Num país onde a arte da sapataria parece esquecida pelos grandes palcos e onde a moda ainda caminha sem estrutura sólida, José António Luís Pinto, conhecido como Zé Ramar, ergue-se como um símbolo de resistência, criatividade e missão social. A partir do seu pequeno espaço no Zango 2, em Luanda, cria verdadeiras obras com alma e propósito — sapatos e chinelas que não apenas vestem, mas também resgatam a dignidade de quem os calça.

“Comecei muito novo, muito novo mesmo”, diz-nos, numa entrevista exclusiva cedida à Revista Chocolate Lifestyle, onde partilha, com nostalgia e orgulho, o percurso que começou no bairro Maçanaral, em Benguela, aos 12 anos, por influência do seu tio.
Para Zé, comprar sapatos todos os meses não é vaidade. É necessidade. “As pessoas pensam ser capricho. Não. É necessidade. Compra este mês, mas no próximo já há outra ocasião, outra roupa, e vem a pergunta: isto vai combinar? Então faz todo sentido”. Esta forma sensível e prática de ver o mundo traduz o quotidiano de muitos angolanos, especialmente num país onde as estações pouco influenciam o estilo, mas a identidade continua a ser afirmada pela forma como nos vestimos — da cabeça aos pés.

Mais do que sapateiro, Zé Ramar é também um artesão do bem.

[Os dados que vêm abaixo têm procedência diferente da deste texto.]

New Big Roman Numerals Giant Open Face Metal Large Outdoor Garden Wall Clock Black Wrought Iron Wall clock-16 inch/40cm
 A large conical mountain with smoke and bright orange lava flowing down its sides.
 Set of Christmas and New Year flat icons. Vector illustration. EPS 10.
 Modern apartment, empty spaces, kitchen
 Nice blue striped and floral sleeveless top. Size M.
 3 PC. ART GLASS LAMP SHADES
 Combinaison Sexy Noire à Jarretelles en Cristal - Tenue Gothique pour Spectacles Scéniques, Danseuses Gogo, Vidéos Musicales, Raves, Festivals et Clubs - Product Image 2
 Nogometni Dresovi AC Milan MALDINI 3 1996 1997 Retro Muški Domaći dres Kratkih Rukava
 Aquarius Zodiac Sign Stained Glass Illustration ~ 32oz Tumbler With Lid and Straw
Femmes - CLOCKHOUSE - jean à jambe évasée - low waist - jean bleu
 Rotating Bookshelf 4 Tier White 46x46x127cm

Ao longo da sua carreira, transformou inúmeras vidas através de sapatos ortopédicos personalizados. Como no caso de uma senhora com o pé curvo, cujos familiares procuraram soluções na Europa sem sucesso. “Nunca havia feito nada parecido, mas solicitei que ela se sentasse e deixei que o Espírito Santo me guiasse. Fiz as botas. A senhora levantou-se… e já não coxeava.”
Dois meses depois, um envelope e um carro chegaram à sua porta como forma de agradecimento. Noutra ocasião, criou botas para uma jovem com prótese. Hoje, ela caminha com autonomia, confiança e sem dor. São momentos que, como ele diz, “valem mais do que dinheiro”.

Apesar da dimensão humana do seu trabalho, Zé ainda enfrenta a dura realidade de um sector abandonado. “Moda, em Angola, é apenas um paradoxo. Falamos de moda, mas não temos fábricas de calçado, nem indústria de couro. Moda é uma coisa séria. É indústria. Isso vê-se em Milão, São Paulo, África do Sul.” Ainda assim, colaborações como a que mantém com Leonel Miguel — figura respeitada na cultura nacional — têm servido de alento e inspiração. Zé acredita que Angola tem potencial, mas falta vontade política e institucional. “Já dei a cara. Só preciso de financiamento. Depois eu pago com trabalho. Posso criar uma indústria-escola e formar técnicos. Neste ramo, não há ninguém preparado.”
Num gesto de fé no seu talento e na missão que carrega, muitos dos trabalhos que realiza para pessoas com deficiência motora ou problemas de locomoção são oferecidos gratuitamente. “Se Deus me deu um dom, não é só para lucrar com ele. Também é para ajudar.” E é justamente essa generosidade que o torna tão respeitado na sua comunidade, recebendo pedidos de Cabinda a Malanje, muitas vezes impossibilitado de atender a todos por falta de recursos e equipamentos apropriados.
Com um olhar visionário e os pés bem assentes no chão, Zé Ramar revela o seu maior sonho: construir uma fábrica de calçado ligada a uma indústria de couro e a uma escola técnica. Uma estrutura que não só produza sapatos, mas também conhecimento, emprego e esperança. Hoje, graças ao apoio do administrador do Zango, já possui um espaço com documentação regularizada — mas ainda é pouco perante o tamanho da sua visão.
Ao encerrar a conversa, deixa uma frase que resume o espírito com que vive e trabalha:
“Tudo na vida tem resolução, quando a gente reflecte com humildade.”
E é com essa humildade, aliada a uma coragem silenciosa, que José António Luís Pinto — o nosso Zé Ramar — segue a calçar Angola, um passo de cada vez, provando que talento e propósito podem, sim, andar juntos.